Per 31 Desember 2019, perseroan mencatatkan rasio kredit bermasalah atau non-performing loan (NPL) gross sebesar 4,78 persen, naik dibandingkan dengan periode yang sama tahun sebelumnya yang sebesar 2,81 persen.
Sementara itu, rasio NPL nett sebesar 2,96 persen, naik 113 basis poin dari 1,83 persen.
Direktur Keuangan BTN Nixon Napitupulu mengatakan kenaikan rasio NPL perseroan tersebut disebabkan oleh penurunan kolektibilitas kredit dan kebijakan BTN untuk tidak melakukan restrukturisasi ulang bagi debitur yang sudah dua kali diberikan keringanan.
"Untuk NPL pada akhir tahun banyak downgrade, paling banyak di [segmen] komersial, ada Rp3,5 triliun sepanjang 2019," ujarnya di Jakarta, Minggu (16/2/2020).
Penyebab penurunan kolektibilitas kredit itu dijelaskan Nixon karena pihaknya enggan melakukan kembali restrukturisasi ulang bagi debitur yang telah dua kali diberikan kesempatan ini.

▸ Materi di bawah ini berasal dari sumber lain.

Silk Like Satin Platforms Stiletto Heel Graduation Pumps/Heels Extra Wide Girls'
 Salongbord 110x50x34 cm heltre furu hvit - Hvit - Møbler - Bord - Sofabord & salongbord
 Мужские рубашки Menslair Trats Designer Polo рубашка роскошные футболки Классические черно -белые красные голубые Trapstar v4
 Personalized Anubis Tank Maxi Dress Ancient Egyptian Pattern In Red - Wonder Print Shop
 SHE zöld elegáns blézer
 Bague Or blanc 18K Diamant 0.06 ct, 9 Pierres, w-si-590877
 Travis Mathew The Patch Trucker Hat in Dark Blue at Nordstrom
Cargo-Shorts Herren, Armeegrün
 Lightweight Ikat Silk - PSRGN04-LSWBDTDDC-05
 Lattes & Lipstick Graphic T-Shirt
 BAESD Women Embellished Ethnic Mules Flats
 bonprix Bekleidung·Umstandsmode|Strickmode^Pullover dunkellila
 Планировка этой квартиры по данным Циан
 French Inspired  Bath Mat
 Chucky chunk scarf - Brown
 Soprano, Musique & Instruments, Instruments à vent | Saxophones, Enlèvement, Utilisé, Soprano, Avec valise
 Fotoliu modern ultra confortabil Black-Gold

Menurutnya, kebijakan ini juga disebabkan karena perseroan melihat bisnis apartemen, hotel, dan office building masih berat.
Baca Juga
Untuk sektor apartemen misalnya, dia menyebutkan prospek penjualan masih mengalami perlambatan, terlebih untuk apartemen mewah. Tidak hanya apartemen, pengembang rumah tapak di Kalimantan juga mengalami masa berat karena daya beli masyarakat turun akibat penurunan harga komoditas.
"[Debitur] sudah direstrukturisasi, kasih perpanjangan waktu satu sampai dua tahun masih berat juga, jadi downgrade saja. Dua sikap ini yang bikin NPL nett 2,9 persen, masih jauh dari ketentuan," jelasnya.
Adapun, untuk memperbaiki kualitas kredit, emiten dengan kode saham BBTN ini menyiapkan berbagai aksi strategis, yaitu perbaikan proses inisiasi kredit, memperkuat collection management system, hingga mempercepat penjualan aset NPL.
Bank BTN juga akan membentuk unit kerja baru untuk mempercepat penyelesaian kredit macet. Perseroan pun bakal memperbaiki proses bisnis restrukturisasi kredit.